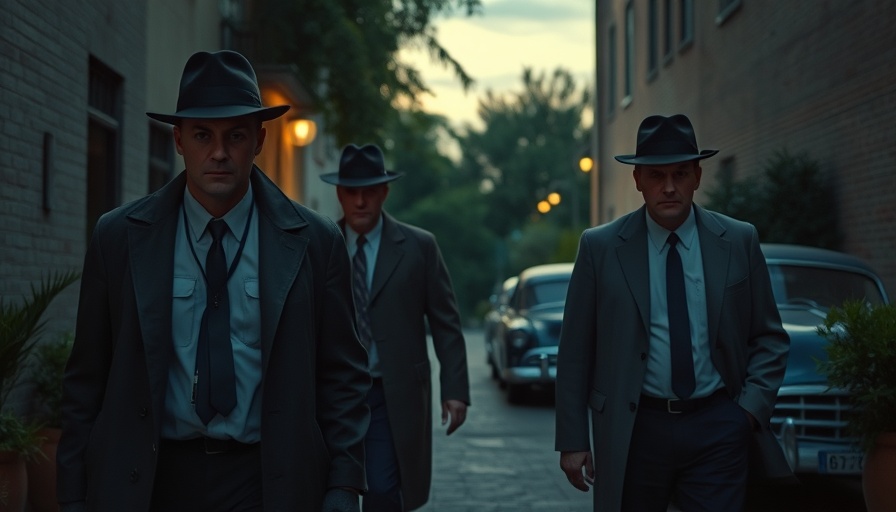 Detectives discuss case in dark alley, vintage cars, The Order theme.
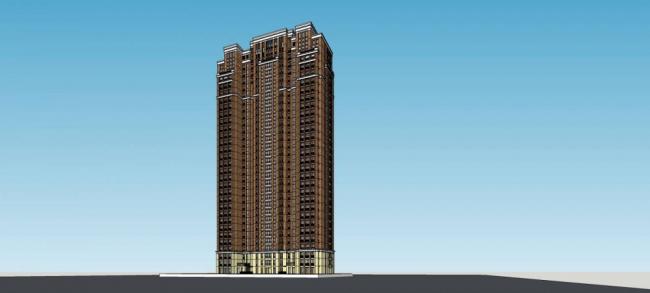 Sketchup住宅模型|高层住宅楼，居住建筑，简欧风格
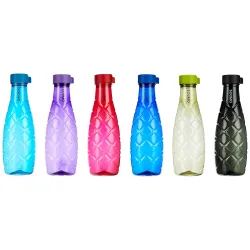 Amazon Brand - Solimo 1 Lt Water Bottle | Multicolor | Set Of 6 (Xing) - Polyethylene Terephthalate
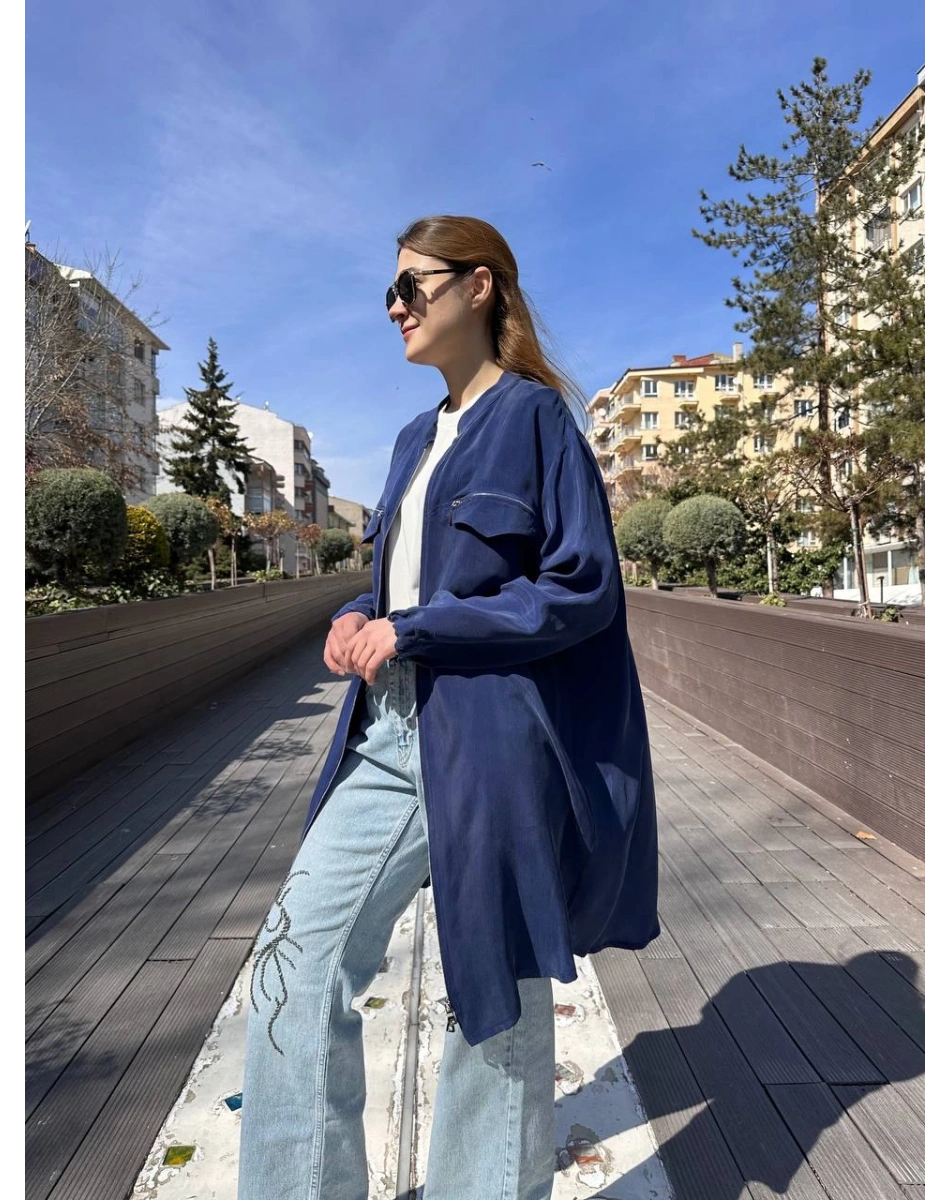 Misswhence 37402 İndigo Fermuarlı Ara Boy Kap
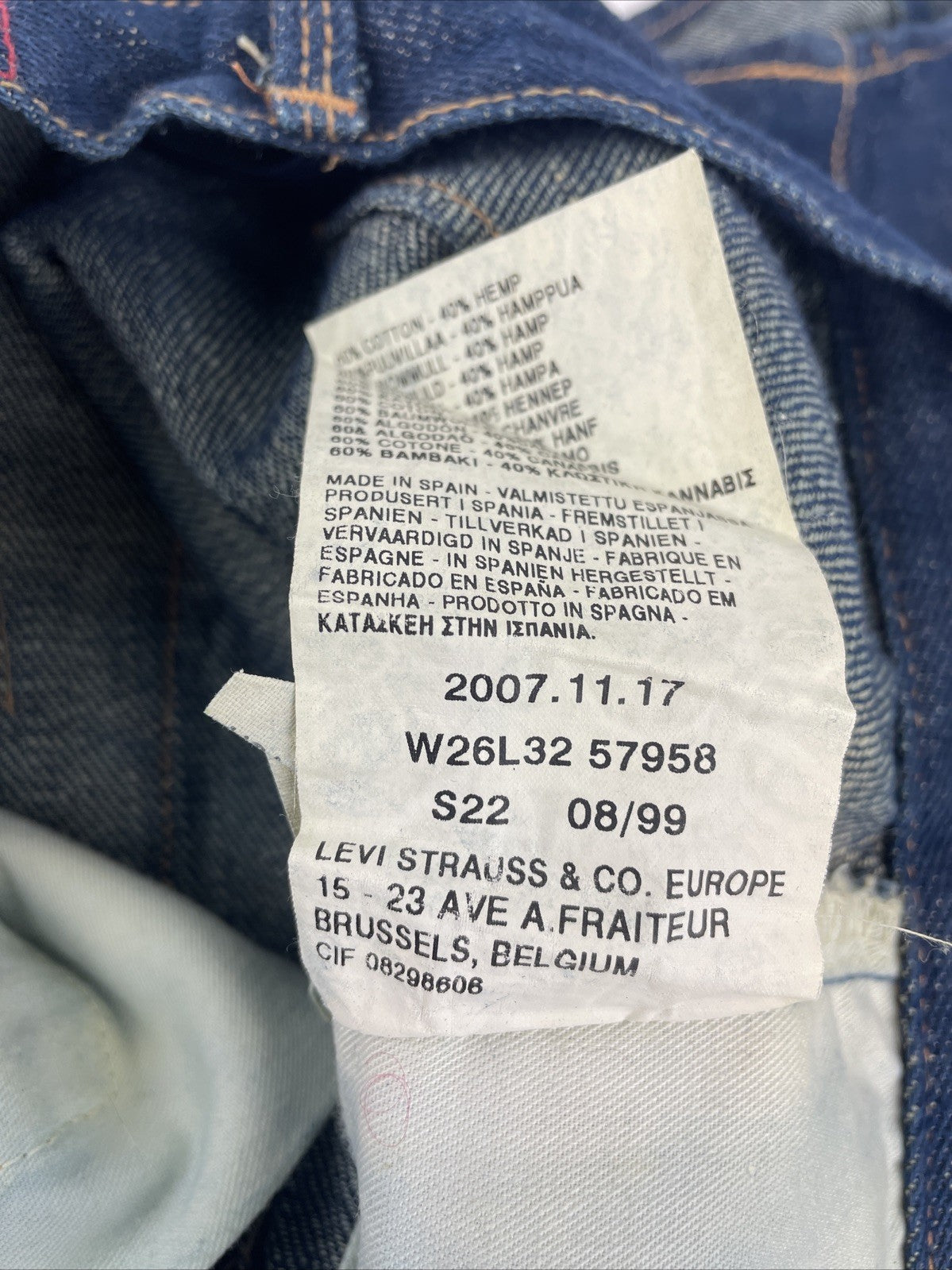 Vintage Levi's Hemp Cotton Jeans 26 x 32 USA Made Red Stencil Tag Dark Wash RARE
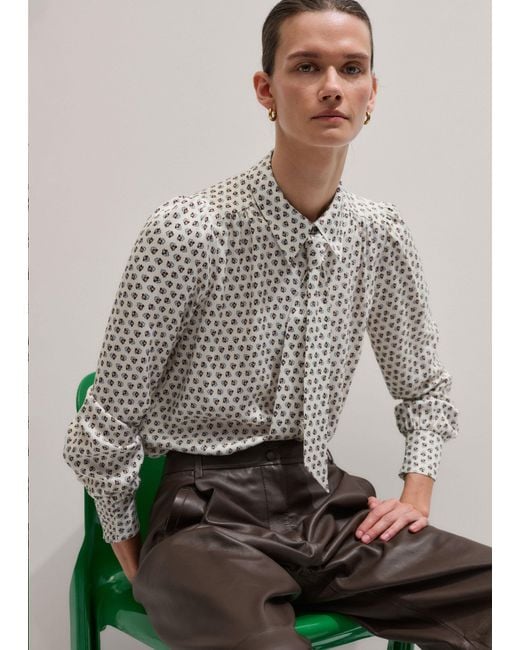 ME+EM Gray Micro Paisley Print Blouse + Tie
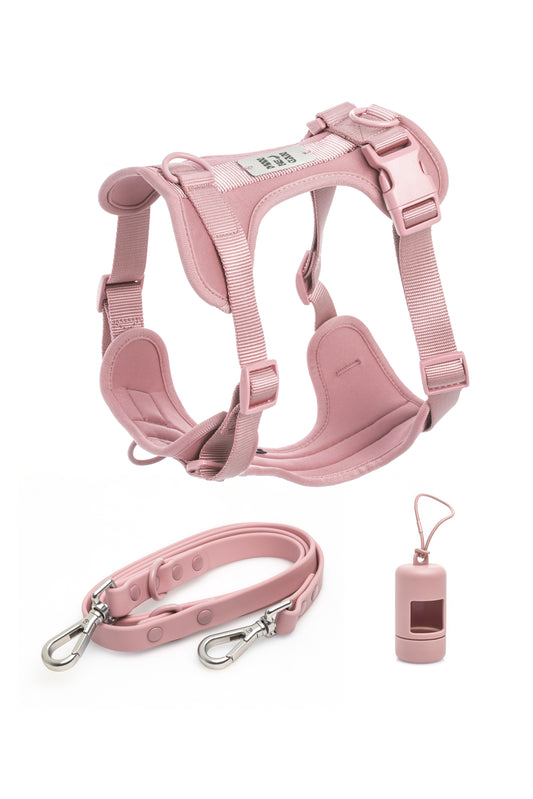 Set Pettorina + Guinzaglio in PVC rosa – Antifuga, Lavabile e Super Colorato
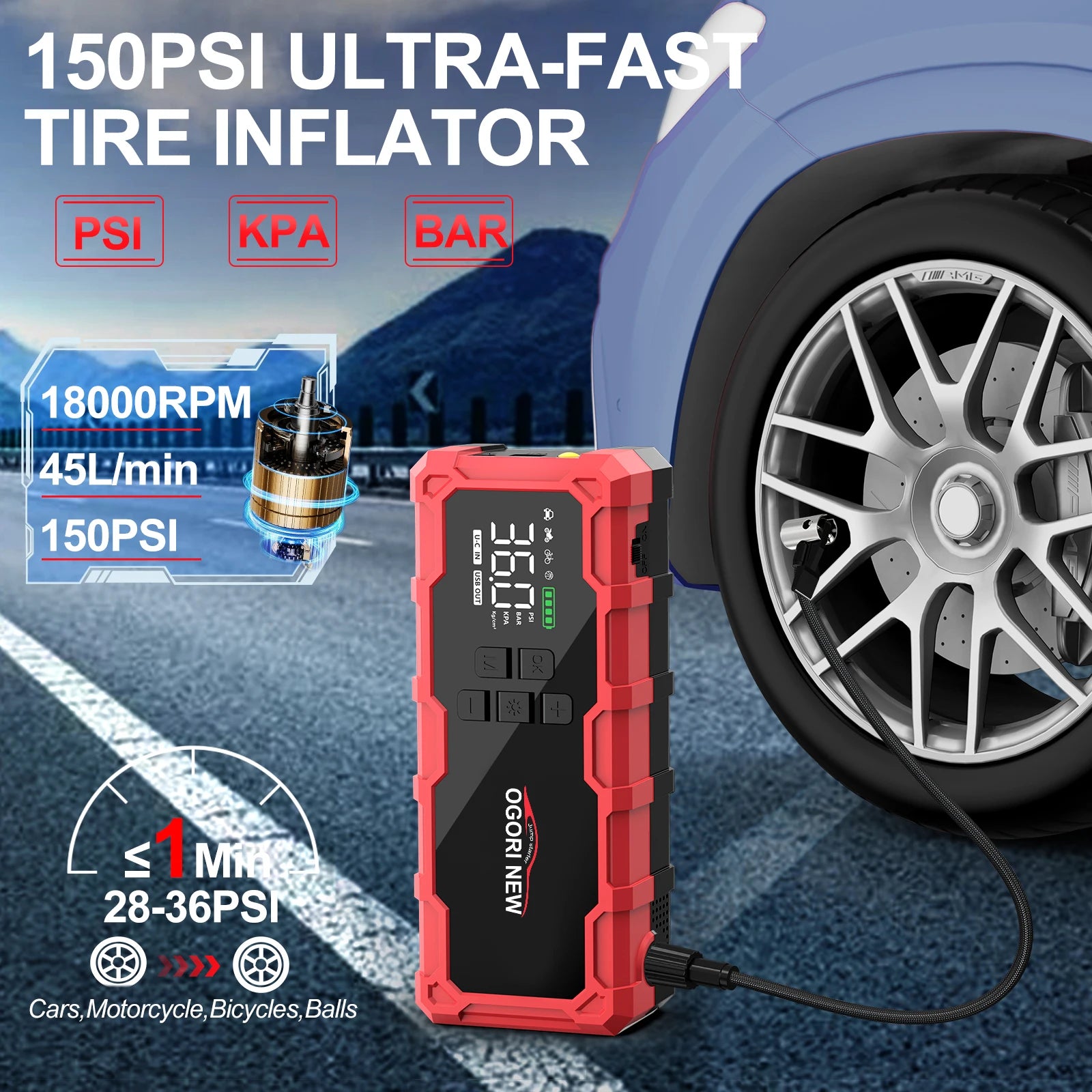 UltraBoost 7000A Car Jump Starter – All‑in‑One Roadside Rescue Tool.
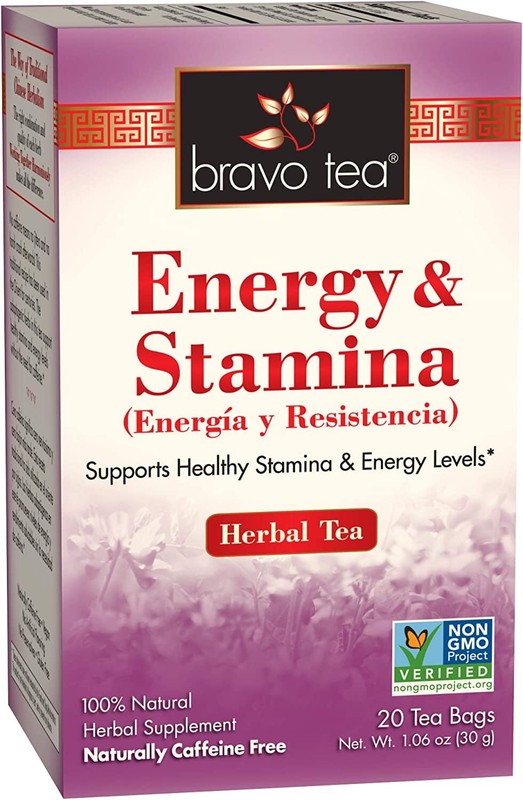 Bravo Tea Energy and Stamina Herbal Supplement Caffeine Free Tea Bags 20 Count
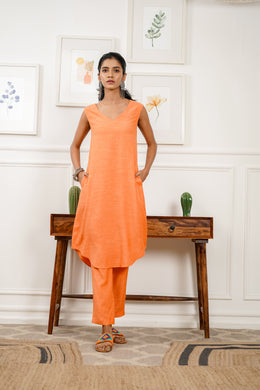 Netose Orange Sleeveless Relaxed Fit Kurta Pant Set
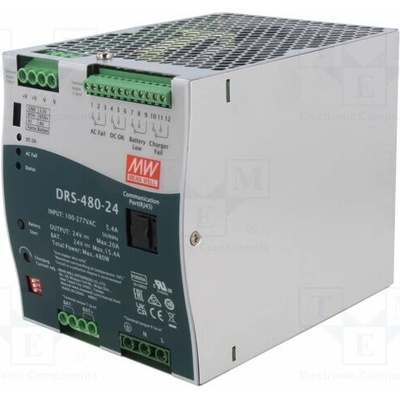 MEAN WELL DRS-480-24 Napájecí zdroj: vyrovnávací; na lištu DIN; 480W; 24VDC; 20A; OUT: 1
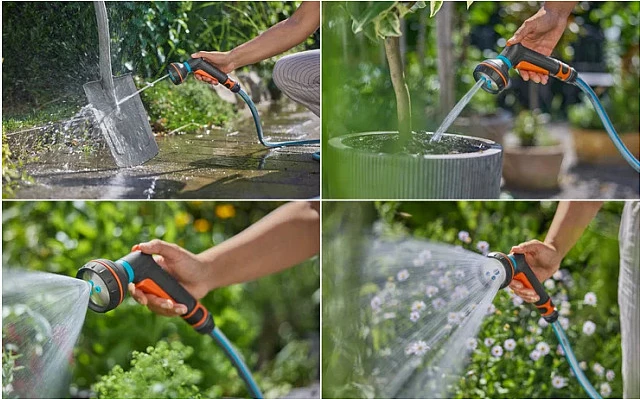 Pistoletë spërkatëse uji GARDENA Classic Multifunksionale, rregullim rrjedhjeje, gri/portokalli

━━━━━━━━━━━━━━━━━━━━

Exercise aim
A word-for-word repeat of the lines from the line with "MEAN WELL DRS-480-24" to the last line of the data, both ends included and pictures left out, is all that should appear.

Response to this exercise
 MEAN WELL DRS-480-24 Napájecí zdroj: vyrovnávací; na lištu DIN; 480W; 24VDC; 20A; OUT: 1
 Pistoletë spërkatëse uji GARDENA Classic Multifunksionale, rregullim rrjedhjeje, gri/portokalli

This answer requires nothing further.